Writer For The Lens Brags Fighting Climate Change Will Destroy Louisiana Jobs

Many greenies here in Louisiana when they argue for fighting climate change say that there is a way to protect jobs in the oil industry and saving the environment. But Jonathan Henderson puts that argument to be in an in op-ed for The Lens. Henderson finally admits and even brags that fighting climate change will destroy jobs in Louisiana’s oil and gas industry.

Here’s some of it:

The difference between Louisiana and the poor nations at greatest risk is that we continue to protect the very industry that contributes most heavily to the problem. Indeed, our state’s very survival depends on an absurdity: Congress, in its dubious wisdom, has inextricably tied financing for coastal recovery to continuing fossil fuel extraction, the root cause of our coastline’s accelerating collapse.

The flow of promised coastal-restoration dollars depends on offshore drilling royalties, which means more fossil fuel extraction, more carbon pollution and therefore more rising and warming seas and more powerful hurricanes. Ultimately it means losing even more land than the 2,000 square miles that have washed away in the past hundred years or so.

This short-sighted financing scheme will not save our coastal communities and will make problems worse globally. This is what you call climate injustice and it cannot be, must not be, and is not the solution. It is not fair to the people of Dulac, Morgan City, the United Houma Nation, Ironton, Grand Bayou Village, Isle de Jean Charles, St. Bernard Parish and, yes, even New Orleans.

So, like the thousands of people who took to the streets of Paris carrying giant red banners to symbolize the red lines that they didn’t want negotiators to cross in trying to reach an international climate accord, we too must hold the red line in Louisiana by banning all new leases for offshore drilling in the Gulf of Mexico. We must call on the industry that has made trillions of dollars from fossil fuel extraction in the Gulf and in our wetlands to put up the billions it will take to give us a fighting chance to survive here for another generation.
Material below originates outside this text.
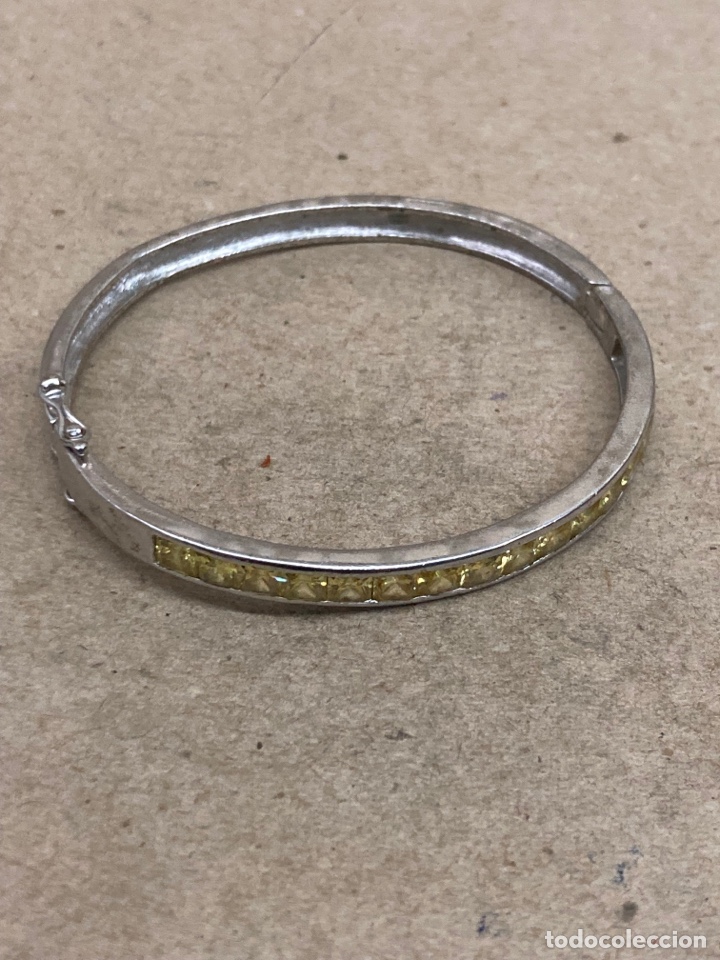 Joyeria: Pulsera de plata - Foto 2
Will workers lose their jobs? In the short run, yes, as they have at every turning point in industrial history. Recent employment patterns teach us that the real cause of lost jobs is the price per barrel of oil and the industry’s disloyalty to its own employees when times get tough. We must prepare to retrain the castoffs, and we should start now. Costs will be high, but the price for our continuing addiction to fossil fuel extraction will be higher still.

Henderson closed with this:

To intone a chant heard repeatedly in Paris, Changeons le systeme pas le climat! Let’s change the system, not the climate!

So Henderson wants to ban all new offshore drilling, impose more fees and taxes on oil companies to fund coastal restoration, and then slams the oil industry for laying people off. Come on, if you know people are going to lose their jobs, embrace it. You can’t have it both ways.

The oil industry and its related industries have proven a good living for many blue-collar Louisianians. To demand that they lose their jobs as a result of ideology is cruel. Surely there are other ways to combat climate change than to ruin the livelihoods of thousands of Louisianians.

If Louisiana is going to play a role in fighting climate change, it will have to be done through consensus and cooperation between all aspects of Louisiana society and business. That includes the oil industry. It certainly will not be done by lecturing us on our evil ways in The Lens.